That bed-chamber to which Mrs. Palliser introduced her step-daughter was even a shade shabbier than the rest of the house. The boy had run riot here, had built his bricks in one corner, had stabled a headless wooden horse and cart in another, and had scattered traces of his existence everywhere. There were his little Windsor chair, the nurse-girl's rocking chair, a battered old table, a heap of old illustrated newspapers, and torn toy-books.

'You won't mind Vernon's using the room in the day, dear, will you?' said Mrs. Palliser, apologetically. 'It shall be tidied for you at night.'

This meant that in the daytime Ida would have no place for retreat, no nook or corner of the house which she might call her own. She submitted meekly even to this deprivation, feeling that she was an intruder who had no right to be there.

'I should like to see my father soon,' she said, with a trembling lip, stooping down to caress Vernon, who had followed them upstairs.

He was a lovely, fair-haired boy, with big candid blue eyes, a lovable, confiding child, full of life and spirits and friendly feeling towards all mankind and the whole animal creation, down to its very lowest forms.

'You shall have your breakfast with him,' said Mrs. Palliser, feeling that she was conferring a great favour, for the Captain's breakfast was a meal apart. 'I don't say but what he'll be a little cross to you at first; but you must put up with that. He'll come round afterwards.'

'He has not seen me for two years and a half,' said Ida, thinking that fatherly affection ought to count for something under such circumstances.

'Yes, it's only two years and a half,' sighed Mrs. Palliser, 'and you were to have stayed at Mauleverer Manor three years. Miss Pew is a wicked old woman to cheat your father out of six months' board and tuition. He paid her fifty pounds in one lump when he articled you--fifty pounds--a heap of money for people in our position; and here you are, come back to us like a bad penny.'

'I am very sorry,' faltered Ida, reddening at that unflattering comparison. 'But I worked very hard at Mauleverer, and am tolerably experienced in tuition. I must try to get a governess's situation directly, and then I shall be paid a salary, and shall be able to give you back the fifty pounds by degrees.'

'Ah, that's the dreadful part of it all,' sighed Mrs. Palliser, who was very seldom in the open air, and had that despondent view of life common to people who live within four narrow walls. 'Goodness knows how you are ever to get a situation without references. Miss Pew says you are not to refer to her; and who else is there who knows anything of you or your capacity?'

'Yes, there is some one else. Bessie Wendover and her family.'

'The people you went to visit in Hampshire. Ah! there went another five pounds in a lump. You have been a heavy expense to us, Ida. I don't know whether anyone wanting to employ you as a governess would take such a reference as that. People are so particular. But we must hope for the best, and in the meantime you can make yourself useful at home in taking care of Vernon and teaching him his letters. He is dreadfully backward.'

'He is an angel,' said Ida, lifting the cherub in her arms, and letting the fair, curly head nestle upon her shoulder. 'I will wait upon him like a slave. You do love me, don't you, pet?'

'Ess, I love 'oo, but I don't know who 'oo is. _Connais pas_,' said Vernon, shaking his head vehemently.

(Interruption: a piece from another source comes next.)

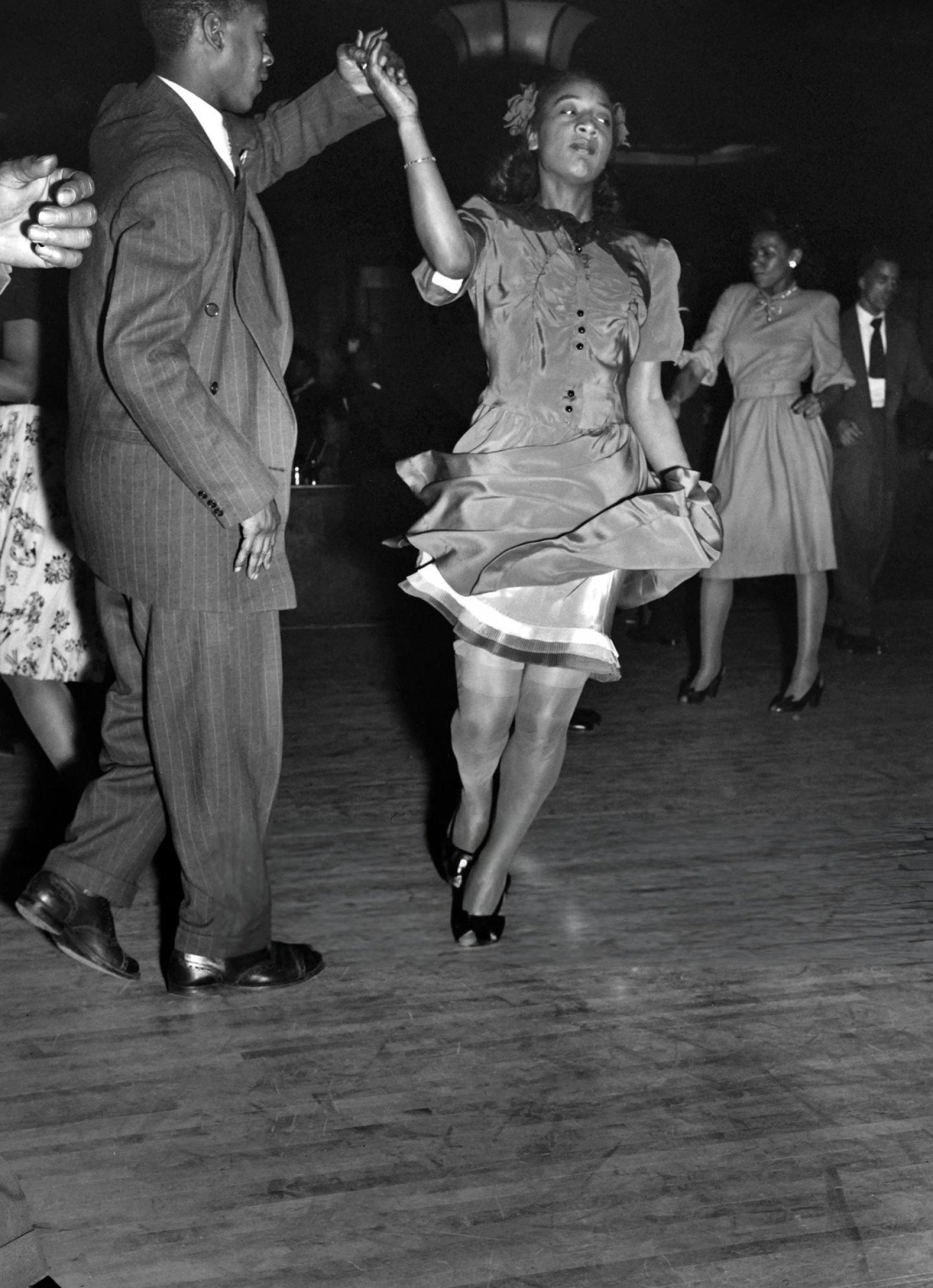 People dance in a night club of Harlem, 1940s.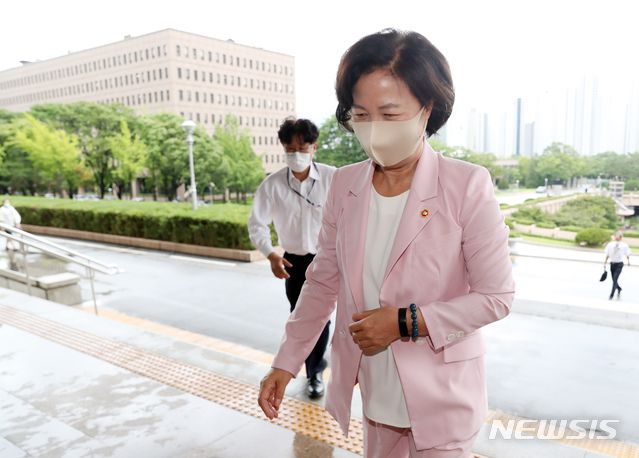 법무부가 검찰 중간간부 및 평검사 인사를 단행할 것으로 알려진 지난달 27일 추미애 장관이 과천 법무부 청사로 출근하고 있다. 추미애 장관 취임 후 두 번째 인사로, 검찰의 직접수사 기능을 축소하고 형사·공판 기능을 강화한다는 원칙에 따라 진행된다. / 사진제공=뉴시스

'I am your sister, darling, your only sister.'

'My half-sister,' said Vernon. 'Maman said I had a half-sister, and she was naughty. _Dites donc_, would a whole sister be twice as big as you?'

Thus in his baby language, which may be easier imagined than described, gravely questioned the boy.

'I am your sister, dearest, heart and soul. There is no such thing as half-love or half-sisterhood between us. You should not have talked to him like that, mother,' said Ida, turning her reproachful gaze upon her step-mother, who was melted to tears.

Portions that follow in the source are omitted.